The Signal and The Noise

Google's Special Relativity

 

For every action there is an equal and opposite reaction. And while the backlash that has greeted Google's(GOOG) sentimental approach to business overshoots Newtonian rationality, it might have been avoided altogether had the company better grasped its own expanding universe.

Google has begun to emerge in the technology press recently as a successor to IBM and Microsoft, an industry-dominating bully that's shaping -- and maybe squashing -- the next decade or so, at least, of innovation.

This is misleading. Google isn't exactly squashing innovation, as nearly everyone will admit Microsoft did during its glory years (everyone but Microsoft, that is). So far, Google has spurred innovation, forcing its competitors to stay nimble to match or beat its every new feature -- witness Yahoo!(YHOO) and Microsoft's work on video and book searches -- and helping the more ingenious content creators push their own creativity to the fore of the Web.

In moving from the Age of Microsoft to the Age of Google, the creation of technology has changed dramatically -- and in a way many investors don't quite grasp. If information technology in the 1980s and 1990s resembled a herd of sheep mindlessly controlled by a few quick and intelligent dogs, the industry today -- in particular the evolution of the Web -- resembles a Tour de France race where cyclists are racing to surpass a quick and intelligent leader.

Nor is Google proprietary about its technology. And there's plenty of evidence for this.

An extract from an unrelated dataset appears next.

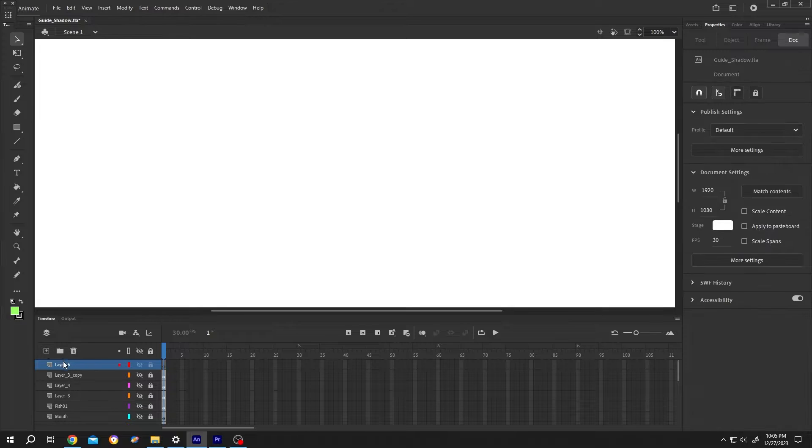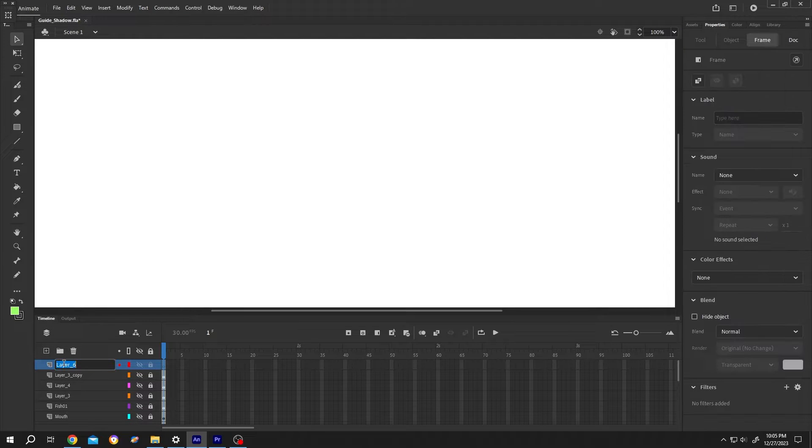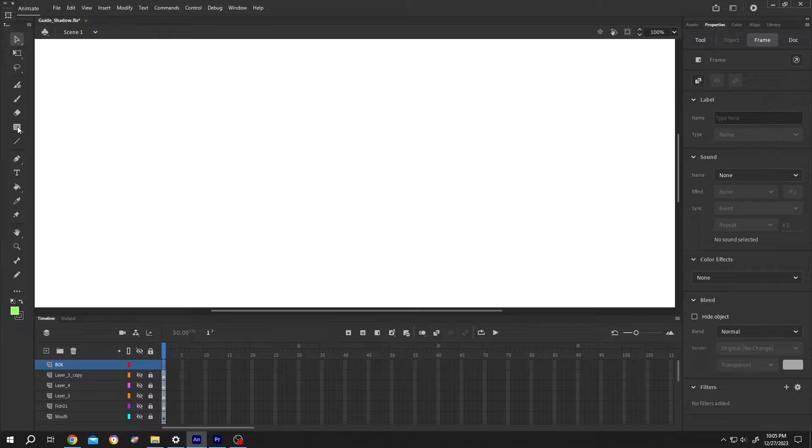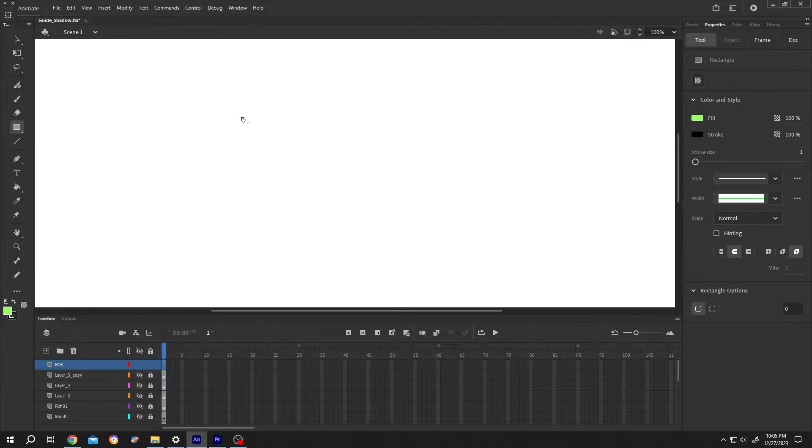Let's make a new layer. Name it whatever you want. Suppose box, then the rectangle tool, draw your rectangle.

It has opted for open formats, as it did with Google Talk, an instant messaging software that allows users to interface with other IM clients, be they from Time Warner's(TWX) AOL, Yahoo or MSN. What's more, it has shown far more tolerance for open standards than Microsoft and Oracle.

Of all the complaints lodged against Google in the past year, few have involved charges that the company is bullying people into a second-rate technology. Google may desperately want you to download its toolbar, but it's willing to wait until you feel it's necessary.